The Office for National Statistics (ONS) said a weaker increase in air fares compared to the same month in 2016 also contributed to the 0.1% fall in consumer price inflation from 3.1% in November – then a post-Brexit vote high.
Higher import costs because of the collapse in the value of the pound has been largely responsible for driving living costs up in 2017.
At the same time, households have felt a squeeze from wage growth failing to keep pace – a scenario reflected in many Christmas trading statements from retailers.
The ONS figures provide some hope that economists are right and the worst of the price increases have now filtered through.

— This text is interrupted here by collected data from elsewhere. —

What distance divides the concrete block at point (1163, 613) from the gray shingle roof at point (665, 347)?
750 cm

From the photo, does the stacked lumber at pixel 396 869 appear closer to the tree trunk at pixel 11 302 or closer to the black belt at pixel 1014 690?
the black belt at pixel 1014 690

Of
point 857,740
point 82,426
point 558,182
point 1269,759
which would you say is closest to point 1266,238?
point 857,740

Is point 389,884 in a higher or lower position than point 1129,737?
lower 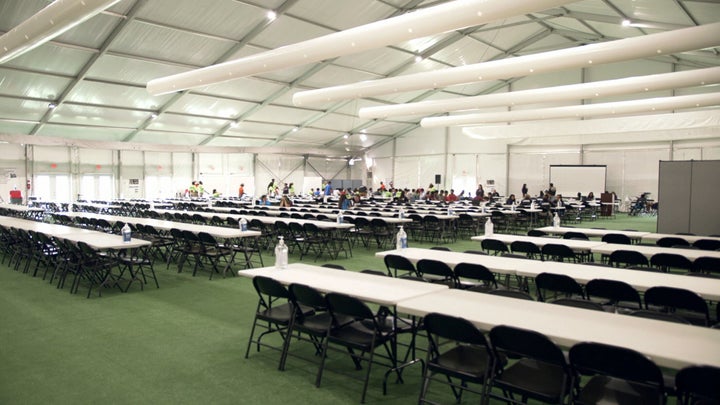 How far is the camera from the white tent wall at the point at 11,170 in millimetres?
19359

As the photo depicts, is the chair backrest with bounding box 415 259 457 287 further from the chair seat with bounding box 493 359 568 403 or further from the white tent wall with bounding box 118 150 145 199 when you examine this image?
the white tent wall with bounding box 118 150 145 199

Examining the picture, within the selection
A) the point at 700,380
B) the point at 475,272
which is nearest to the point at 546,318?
the point at 700,380

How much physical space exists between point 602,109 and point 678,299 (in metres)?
10.1

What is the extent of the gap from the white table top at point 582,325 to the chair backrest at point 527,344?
5.8 inches

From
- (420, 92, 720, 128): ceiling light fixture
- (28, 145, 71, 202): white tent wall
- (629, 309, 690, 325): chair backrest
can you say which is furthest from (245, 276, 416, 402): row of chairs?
(28, 145, 71, 202): white tent wall

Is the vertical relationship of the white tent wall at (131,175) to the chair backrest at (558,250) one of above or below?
above

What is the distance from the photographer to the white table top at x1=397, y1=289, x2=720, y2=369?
8.09ft

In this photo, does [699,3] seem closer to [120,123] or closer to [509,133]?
[509,133]

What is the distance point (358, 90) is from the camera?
36.1 ft

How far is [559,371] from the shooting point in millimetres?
2896

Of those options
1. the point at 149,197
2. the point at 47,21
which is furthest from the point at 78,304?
the point at 149,197

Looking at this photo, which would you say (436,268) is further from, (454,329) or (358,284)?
(454,329)

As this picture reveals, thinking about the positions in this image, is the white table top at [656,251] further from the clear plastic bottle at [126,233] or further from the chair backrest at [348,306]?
the clear plastic bottle at [126,233]

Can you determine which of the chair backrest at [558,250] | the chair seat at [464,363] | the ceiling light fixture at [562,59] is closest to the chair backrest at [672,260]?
the chair backrest at [558,250] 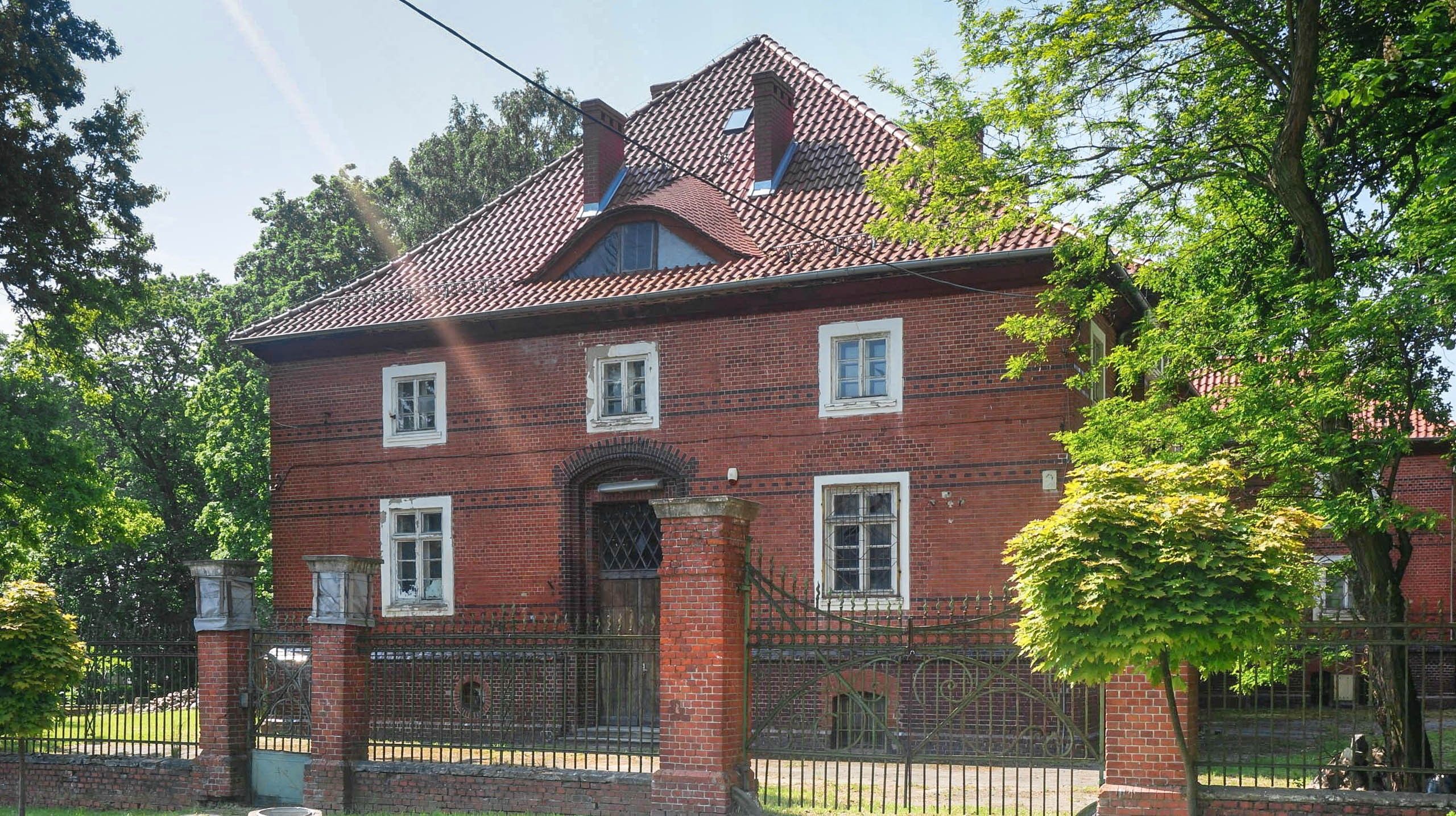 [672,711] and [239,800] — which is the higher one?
[672,711]

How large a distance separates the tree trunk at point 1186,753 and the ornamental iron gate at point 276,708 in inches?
326

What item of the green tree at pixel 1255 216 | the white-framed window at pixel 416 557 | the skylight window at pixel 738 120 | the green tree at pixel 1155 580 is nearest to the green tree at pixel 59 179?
the white-framed window at pixel 416 557

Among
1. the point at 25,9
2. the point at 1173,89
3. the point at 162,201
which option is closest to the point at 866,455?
the point at 1173,89

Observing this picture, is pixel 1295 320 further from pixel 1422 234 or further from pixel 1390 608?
pixel 1390 608

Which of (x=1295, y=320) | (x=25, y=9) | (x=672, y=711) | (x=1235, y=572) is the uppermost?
(x=25, y=9)

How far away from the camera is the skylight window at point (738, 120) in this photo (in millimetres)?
22031

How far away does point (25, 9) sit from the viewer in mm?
20031

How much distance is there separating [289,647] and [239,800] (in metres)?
1.68

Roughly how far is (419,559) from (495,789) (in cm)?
922

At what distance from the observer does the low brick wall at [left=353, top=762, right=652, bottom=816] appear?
12.0 m

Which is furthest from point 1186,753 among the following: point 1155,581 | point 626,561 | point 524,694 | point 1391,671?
point 626,561

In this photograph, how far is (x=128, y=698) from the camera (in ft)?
50.2

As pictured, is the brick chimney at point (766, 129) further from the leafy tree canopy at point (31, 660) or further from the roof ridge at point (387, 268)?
the leafy tree canopy at point (31, 660)

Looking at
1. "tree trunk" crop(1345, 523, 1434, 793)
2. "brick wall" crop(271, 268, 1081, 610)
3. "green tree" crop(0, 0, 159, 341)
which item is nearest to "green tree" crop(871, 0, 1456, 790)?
"tree trunk" crop(1345, 523, 1434, 793) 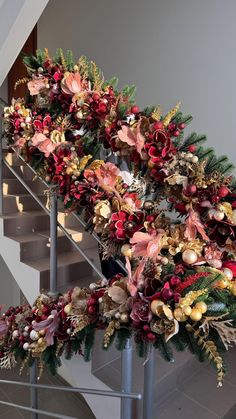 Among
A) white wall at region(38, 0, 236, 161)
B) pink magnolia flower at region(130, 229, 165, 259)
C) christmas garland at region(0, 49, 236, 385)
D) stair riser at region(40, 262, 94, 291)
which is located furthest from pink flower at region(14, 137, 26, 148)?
Result: white wall at region(38, 0, 236, 161)

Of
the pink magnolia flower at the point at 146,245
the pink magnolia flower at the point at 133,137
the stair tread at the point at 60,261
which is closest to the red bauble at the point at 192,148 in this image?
the pink magnolia flower at the point at 133,137

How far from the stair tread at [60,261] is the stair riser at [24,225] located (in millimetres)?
264

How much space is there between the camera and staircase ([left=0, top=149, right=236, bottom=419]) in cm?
140

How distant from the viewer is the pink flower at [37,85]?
1044 millimetres

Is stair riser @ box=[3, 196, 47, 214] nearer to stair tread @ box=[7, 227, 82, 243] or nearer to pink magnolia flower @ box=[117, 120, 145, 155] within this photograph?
stair tread @ box=[7, 227, 82, 243]

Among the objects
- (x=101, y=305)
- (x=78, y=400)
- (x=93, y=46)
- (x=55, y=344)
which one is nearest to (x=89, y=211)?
(x=101, y=305)

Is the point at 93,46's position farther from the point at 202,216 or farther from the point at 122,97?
the point at 202,216

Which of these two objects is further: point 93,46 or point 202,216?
point 93,46

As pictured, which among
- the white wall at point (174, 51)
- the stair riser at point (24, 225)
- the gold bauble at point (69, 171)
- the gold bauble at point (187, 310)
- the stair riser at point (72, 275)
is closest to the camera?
the gold bauble at point (187, 310)

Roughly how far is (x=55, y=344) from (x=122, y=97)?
766 millimetres

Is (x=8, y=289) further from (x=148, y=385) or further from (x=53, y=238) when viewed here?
(x=148, y=385)

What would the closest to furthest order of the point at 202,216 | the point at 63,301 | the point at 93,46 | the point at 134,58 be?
the point at 202,216, the point at 63,301, the point at 134,58, the point at 93,46

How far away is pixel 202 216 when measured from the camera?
75 centimetres

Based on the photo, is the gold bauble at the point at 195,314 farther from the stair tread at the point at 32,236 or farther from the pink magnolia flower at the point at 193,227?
the stair tread at the point at 32,236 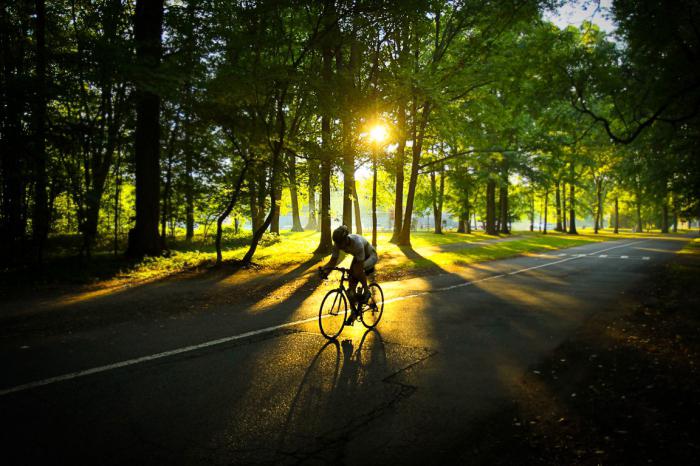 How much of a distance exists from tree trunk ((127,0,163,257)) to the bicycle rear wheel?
10.8 metres

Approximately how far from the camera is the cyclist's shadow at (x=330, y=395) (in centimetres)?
379

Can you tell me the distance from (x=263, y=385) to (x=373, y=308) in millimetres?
3351

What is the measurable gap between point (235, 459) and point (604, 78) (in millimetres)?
14526

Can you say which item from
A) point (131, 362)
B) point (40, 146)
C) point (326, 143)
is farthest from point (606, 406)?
point (326, 143)

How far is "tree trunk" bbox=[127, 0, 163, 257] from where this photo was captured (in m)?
15.5

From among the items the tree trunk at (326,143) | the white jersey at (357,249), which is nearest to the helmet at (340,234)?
the white jersey at (357,249)

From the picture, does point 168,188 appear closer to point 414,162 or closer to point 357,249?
point 414,162

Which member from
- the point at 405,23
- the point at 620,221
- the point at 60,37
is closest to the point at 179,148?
the point at 60,37

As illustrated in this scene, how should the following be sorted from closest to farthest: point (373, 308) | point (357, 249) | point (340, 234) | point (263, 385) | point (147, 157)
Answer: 1. point (263, 385)
2. point (340, 234)
3. point (357, 249)
4. point (373, 308)
5. point (147, 157)

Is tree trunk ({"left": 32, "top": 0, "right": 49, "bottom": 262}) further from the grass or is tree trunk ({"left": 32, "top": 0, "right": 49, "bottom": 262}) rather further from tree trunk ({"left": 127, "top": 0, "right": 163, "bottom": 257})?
tree trunk ({"left": 127, "top": 0, "right": 163, "bottom": 257})

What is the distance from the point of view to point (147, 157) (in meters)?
15.8

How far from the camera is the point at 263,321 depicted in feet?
26.2

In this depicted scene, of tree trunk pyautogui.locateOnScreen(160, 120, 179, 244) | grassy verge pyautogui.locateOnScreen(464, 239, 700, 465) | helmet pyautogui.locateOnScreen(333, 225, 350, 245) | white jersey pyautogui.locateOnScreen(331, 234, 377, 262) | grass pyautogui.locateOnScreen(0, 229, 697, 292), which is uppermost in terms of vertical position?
tree trunk pyautogui.locateOnScreen(160, 120, 179, 244)

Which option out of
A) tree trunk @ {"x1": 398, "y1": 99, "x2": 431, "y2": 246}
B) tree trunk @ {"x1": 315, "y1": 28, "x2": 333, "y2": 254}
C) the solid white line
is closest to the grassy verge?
the solid white line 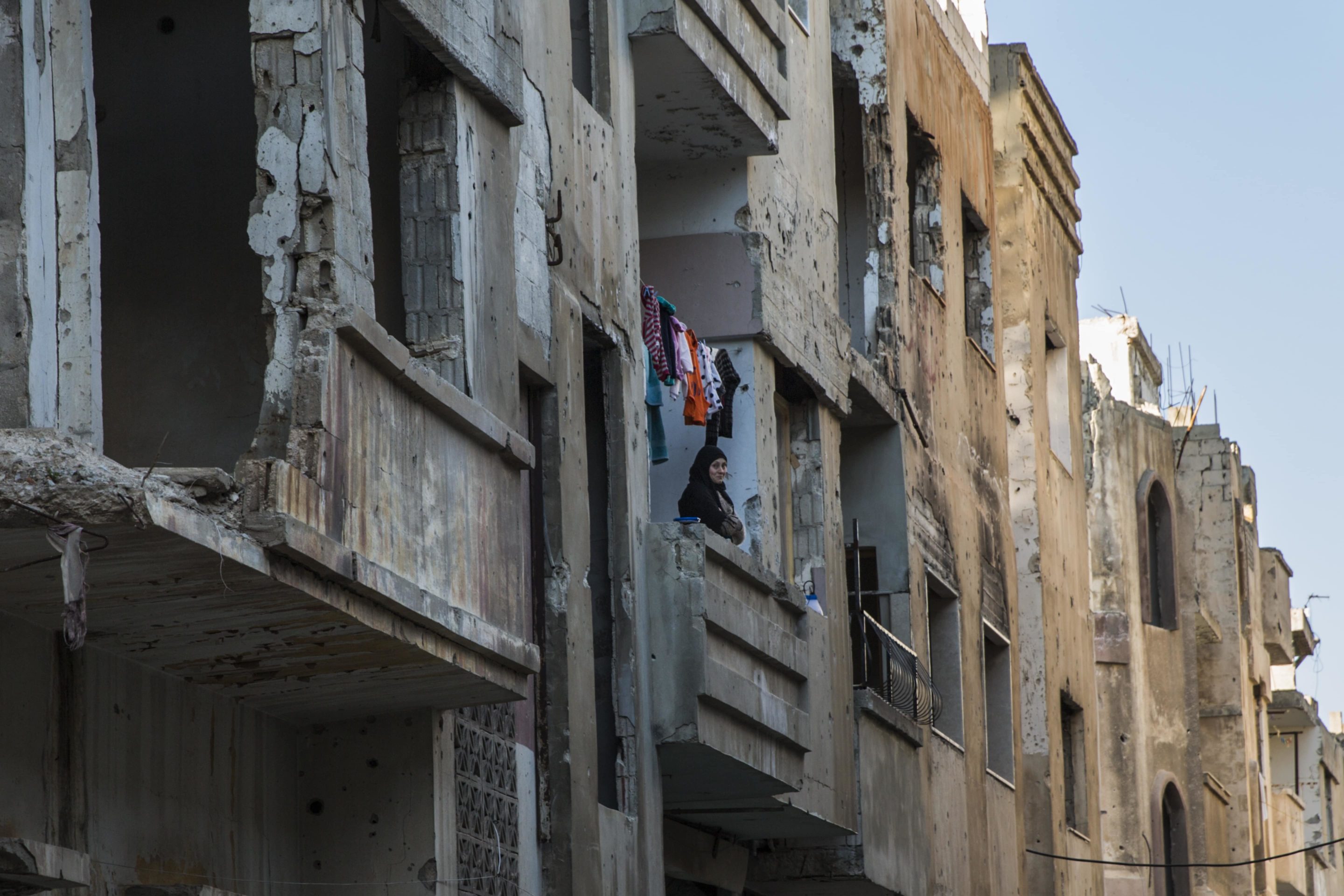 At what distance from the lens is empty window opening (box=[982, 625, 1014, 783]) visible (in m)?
21.0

But James Tucker, a statistician who compiled the figures, said: “It remains too early to say whether today’s slight fall is the start of any longer-term reduction in the rate of inflation.”
The impact of price growth on consumer spending – along with uncertainty over the terms of the UK’s divorce from the EU – have been dominant factors in the slowdown in the UK economy during 2017.
The Bank of England has predicted that Brexit-linked inflation will have peaked by now – giving some hope of respite to consumers feeling the pinch.
But figures out next week will show whether there has been any improvement in the gulf between inflation and wage growth.
Commenting on the ONS figures Paul Hollingsworth, senior UK economist at Capital Economics, said: “The fall-back in CPI inflation from 3.1% in November to 3% in December marks the beginning of what we expect will be a sustained downward trend over the course of this year.
“December’s rate was in line with the consensus expectation, with the breakdown showing that a rise in fuel prices (reflecting the recent rise in oil prices) and tobacco prices (reflecting the duty changes announced in the Autumn Statement), was offset by a smaller contribution from airfares inflation.
“Meanwhile, the producer prices figures showed input price inflation fell sharply, from 7.3% in November to 4.9%, suggesting that price pressures at the beginning of the production pipeline are continuing to cool.”
On the prospect of the Bank of England’s monetary policy committee (MPC) raising interest rates again following November’s rise to combat inflation, he added: “The MPC is unlikely to feel pressured into raising rates again very soon.”